Many talents, causes

Powers' linguistic skills (she speaks Polish, being of Polish descent, French, Italian, Spanish, Swahili and “smatterings” of Mandarin and Cantonese), dance training and an early interest in bullfighting were written into episodes of the series. She also learned how to fence for a five-minute fight sequence with sabers.

But she doesn't like to talk about the bullfighting period of her youth, since a relationship with the late actor William Holden taught her the importance of animal rights and conservation. To this day, she still serves as president of the William Holden Wildlife Foundation, a public charity dedicated to the preservation of wild animals, which she helped to found in honor of Holden.

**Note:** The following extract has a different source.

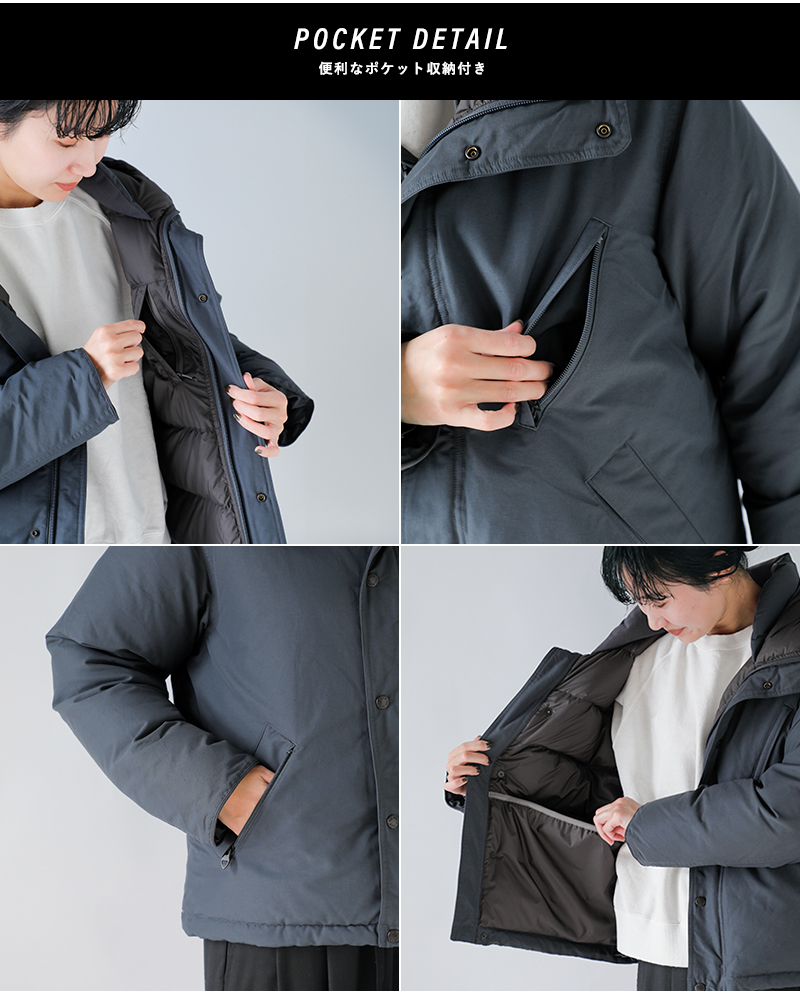 THE NORTH FACE PURPLE LABEL(ノースフェイスパープルレーベル)撥水ダブルピークショートダウンパーカ“DoublePeakShortDownParka”n25fa105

“An ongoing pursuit,” Powers said. “One that has its moments of tragedy, which we're now all experiencing with the advent of the Chinese market demanding rhinoceros horn and ivory. And I don't think enough can be said in the press to encourage people to write letters, complain to their congressmen, to make their complaints known about the increase in poaching of these World Heritage animals, solely and utterly to fulfill the desires of the Chinese market.”

Aside from her philanthropic endeavors, Powers remains active on the stage and is mounting a production of the musical adaptation of “Sunset Boulevard,” in which she plays the role of eccentric ex-silent screen star Norma Desmond. It's a role Gloria Swanson immortalized in the 1950 film version, opposite Holden as down-on-his-luck screenwriter Joe Gillis.

“So my Bill Holden is a wonderful actor called Todd Gearhart,” Powers said. “... There's no one else who could do this (Norma Desmond) role that has that connection (with Holden). So it's really quite a remarkable marriage of circumstance and events.”